A key to long-term closeness and increased marital commitment comes from understanding your spouse’s strengths. Focusing on your spouse’s strengths is also a key to dealing with four predictable areas of conflict every couple will face. These four areas relate to a couple’s natural differences in trust, aggressiveness, decision making and risk taking.
Are you trusting or skeptical when it comes to meeting new people or receiving new information?
God has given John and his wife different strengths, and as such, they would both answer this question differently. John is naturally trusting; his wife, Cindy, on the other hand, wants to verify facts and ask hard questions.
John’s failure to appreciate Cindy’s strength in this area led to an embarrassing (and costly) mistake when they were first married. Cindy had been an elementary school teacher for almost six years, and the day after their wedding, Cindy handed John her teacher retirement cheque. His job was to invest it wisely. So he met a financial planner at church and the very next day handed him Cindy’s retirement cheque. After all, the planner was a Christian who said he could triple Cindy’s money!

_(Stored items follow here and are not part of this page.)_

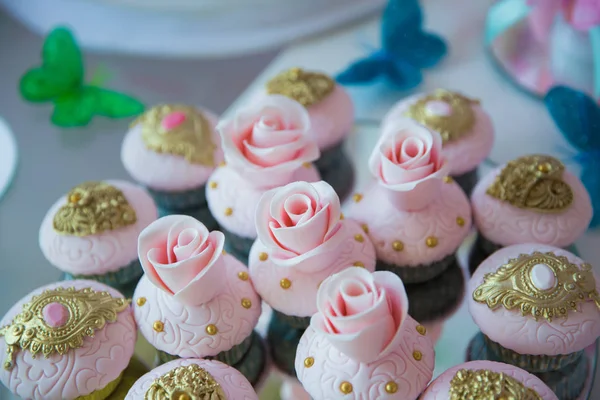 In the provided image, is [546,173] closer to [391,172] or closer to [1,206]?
[391,172]

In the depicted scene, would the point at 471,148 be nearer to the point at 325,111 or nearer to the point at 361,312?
the point at 325,111

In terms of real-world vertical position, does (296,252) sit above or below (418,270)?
above

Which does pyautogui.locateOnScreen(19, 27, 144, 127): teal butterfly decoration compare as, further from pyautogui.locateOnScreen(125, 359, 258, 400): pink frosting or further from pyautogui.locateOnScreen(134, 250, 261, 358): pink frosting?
pyautogui.locateOnScreen(125, 359, 258, 400): pink frosting

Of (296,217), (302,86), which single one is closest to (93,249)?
(296,217)

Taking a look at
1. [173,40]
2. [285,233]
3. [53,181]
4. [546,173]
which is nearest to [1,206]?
[53,181]

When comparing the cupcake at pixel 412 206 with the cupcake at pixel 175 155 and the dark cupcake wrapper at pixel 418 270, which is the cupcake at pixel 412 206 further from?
the cupcake at pixel 175 155

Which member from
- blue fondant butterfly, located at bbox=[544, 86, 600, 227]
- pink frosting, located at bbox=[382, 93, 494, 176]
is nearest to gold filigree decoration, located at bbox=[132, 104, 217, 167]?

Unfortunately, John was so trusting he didn’t ask hard questions before investing. He lost every cent of Cindy’s retirement pension in less than four months.
Was Cindy happy? No. Did she finally let John back in the house? Yes. But guess what else? He learned a tremendous (and hard) lesson about why it’s crucial to understand a spouse’s strengths – and why God so often puts opposites alongside us.
It’s obvious now why God would place Cindy next to John. Today, instead of looking at Cindy’s strengths as frustrating, John realizes she has been placed in his life to protect and balance him. He’s never again failed to involve Cindy in any important financial decisions.
The second predictable area of conflict, and a second question to ask yourselves, is: Are you naturally aggressive or passive when it comes to solving problems?
Yes, passive problem solving can be a strength! Some situations call for a quiet, tactful approach. Try solving every problem in your home aggressively, and watch how many more problems you create. Having both aggressive and passive problem-solving abilities in your home can be a tremendous positive.
Do you prefer to go slow or fast when making decisions?
Some people prefer to make decisions slowly, wanting to understand the impact their decision will have on others. Others are more comfortable making fast decisions – even to the point where they come home and announce, "Honey, guess where we’re moving tomorrow!"
When each decision maker appreciates the strength of the other, the couple can act decisively – without being rash.
Do you want to follow rules and standard procedures, or are you more comfortable with taking risks?
Think about a basketball game. Let’s say you’re the coach, your team is down by two points and there is only time for one more shot. Would you go for the more predictable two-point layup to tie the game, or would you have your best player try a three-point shot to win?
Again, in the body of Christ and in a marriage, it’s good to have both kinds of approaches. There are times when we need people with the courage to take risks and other times when we need people with the wisdom to move carefully and thoughtfully.
Our prayer is that you’ll realize God had His hand in creating your differences, and that you’ll learn how to appreciate your strengths and those of your spouse. Perhaps those "weaknesses" will begin looking more like strengths once again.